I can look at your site (or your marketing) and tell you precisely where you are missing the mark. It's so easy. Change this headline, move that form, alter that price, and here's your main benefit baby!

But now, here I am with a site launch of my own and it's absolutely agonizing. I do my best. Then we go live. My friends and colleagues start emailing me in response. What about this? How about that? OMG, now I see how to fix it! Call the web team, get them back to work pronto! No weekends off for anybody.

For my own products, my marketing eyesight is a little off... like I'm farsighted and squinting to see something that's way too close to me. It's awkward. Part of it's humility. I'm embarrassed bragging about my own stuff, it even feels a bit distasteful. (I think it's easier for men - at least based on the men in my field.) Part of it is I'm crap at pricing. (It's a joke among my advisory board - take Anne's price and double it and that's maybe where it should be.)

The weird thing is, during all this awkwardness, when I'm realizing how bad I am at marketing my own stuff, I'm doing favors, helping other friends and colleagues with their sites. And that's so EASY. I'm swift, deft, and authoritative. It's all based on research data -- my marketing brain's been percolated in research for so many years that I probably don't have a thought there's not a study to support. It's all rock solid. They change things based on my advice, they make more money. Duh.

Just ask me to do it for myself. OMG.

There's this saying that my girlfriends and I have -- it's a million times easier to clean another woman's kitchen than your own.

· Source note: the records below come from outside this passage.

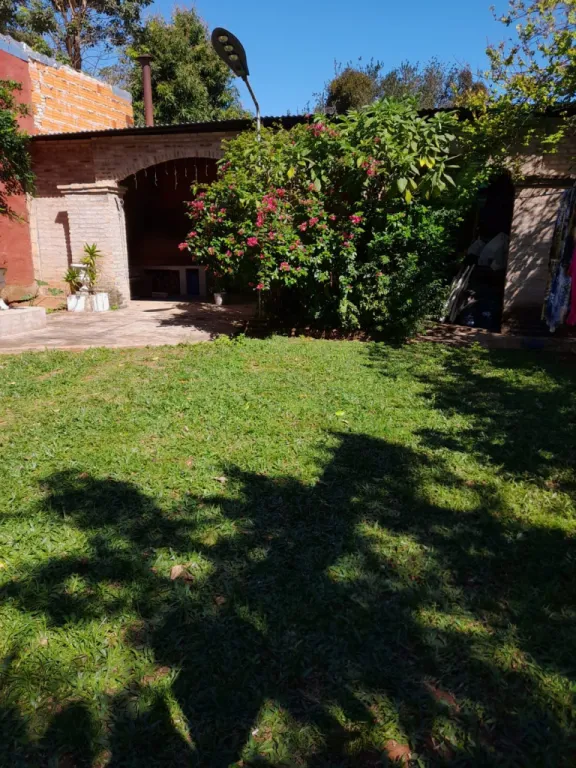 Vendo amplia casa en Ñemby barrio San Carlos — foto 2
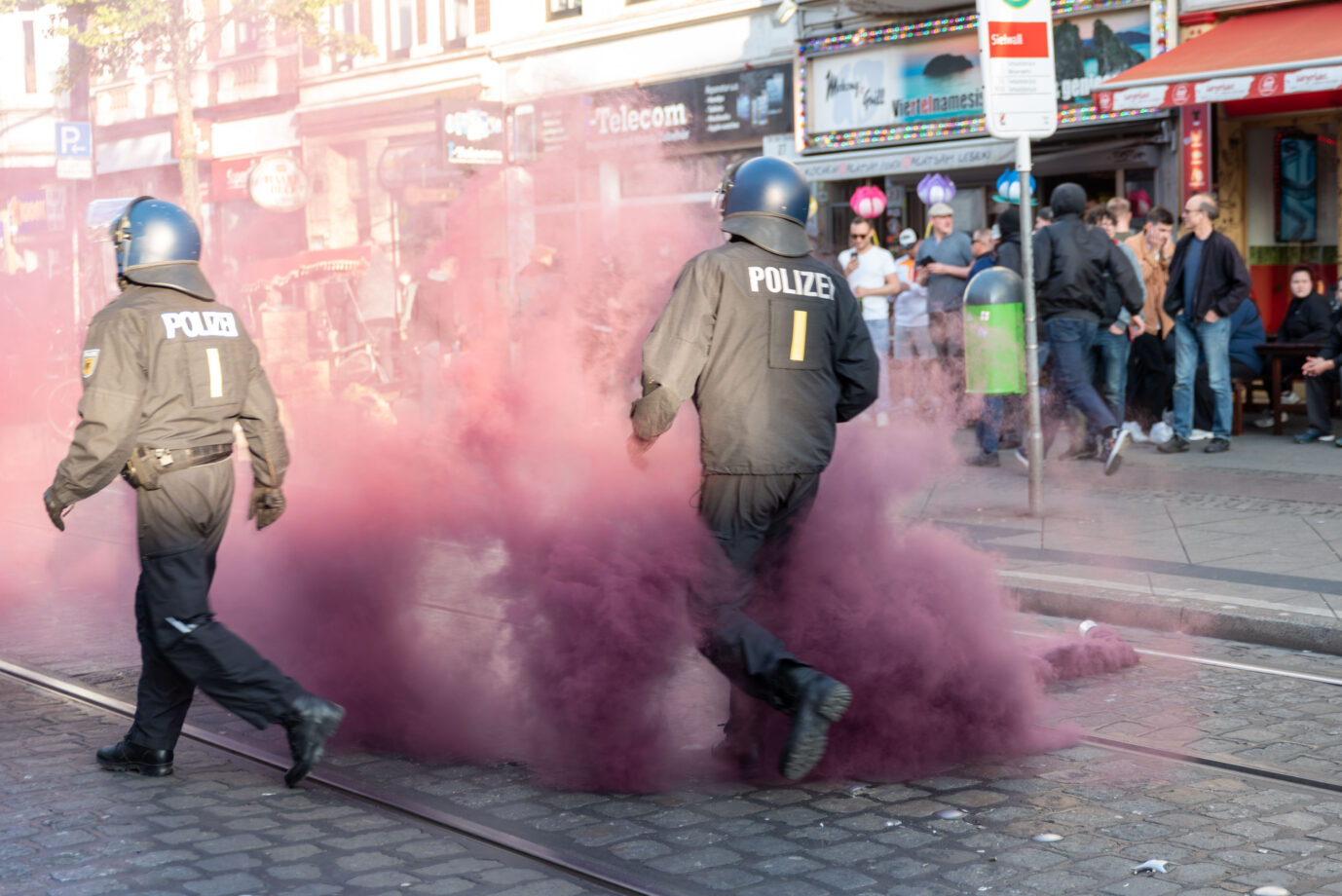 Auseinandersetzung bei einer Solidaritätsdemo mit Lina E. zwischen Polizei und Demonstranten in Bremen, 31.05.2023.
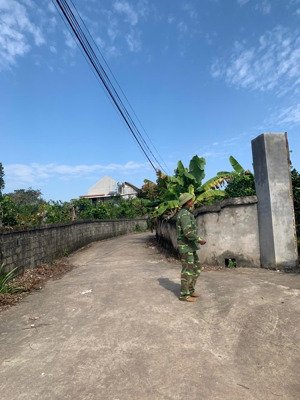 lô góc hơn 700 tr, sở hữu 290 m2, lõi đô thị, phường chũ bắc ninh lh em 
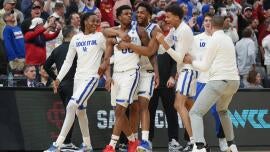 WATCH: Kentucky's Otega Oweh hits 50-foot buzzer-beating 3-pointer in March Madness win over Santa Clara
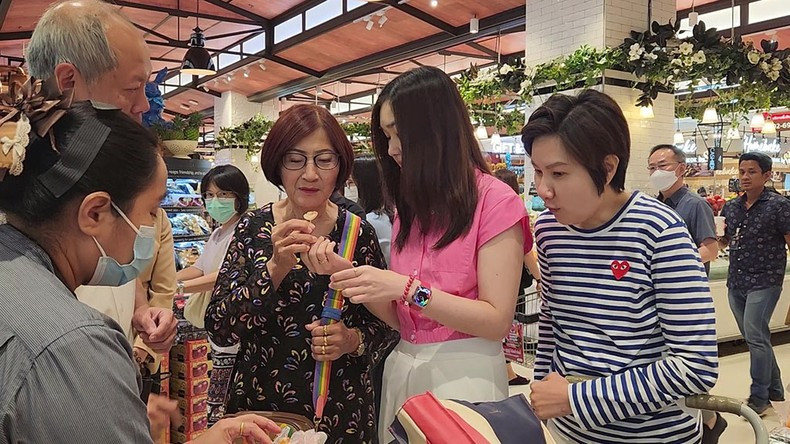 泰国消费者品尝越南的荔枝。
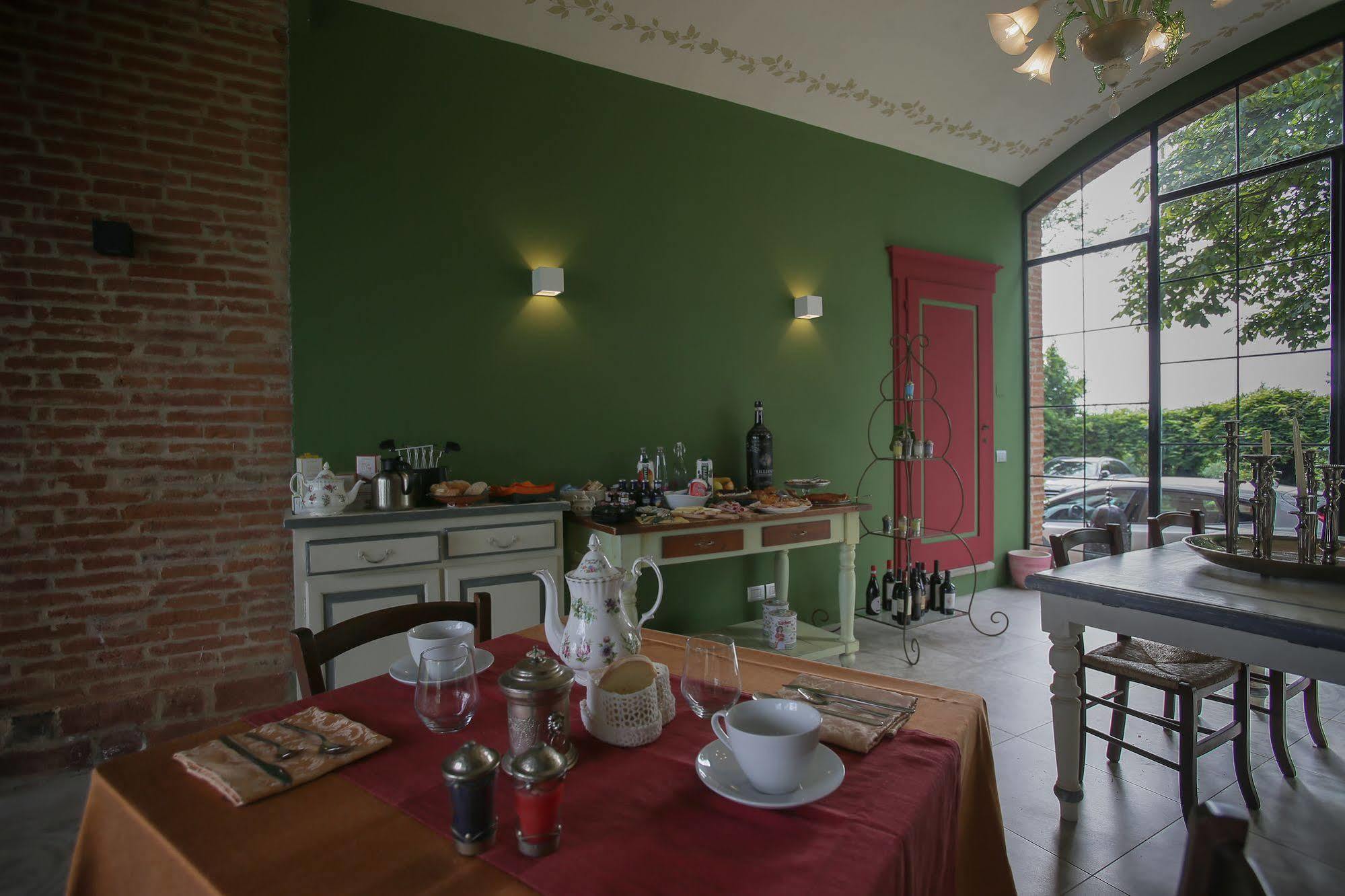 בטולה Relais Montemaggiore מראה חיצוני תמונה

I think it's true for marketing too.

1 comment:

  1. This makes perfect sense to me. The expertise that you bring to bear on others' sites is very much like a high-level editing service. Even the best writers in the world still require the services of a good editor. When you are too close to a project, you are simply unable (no matter how formidable is your underlying experience)to view it in a truly objective manner.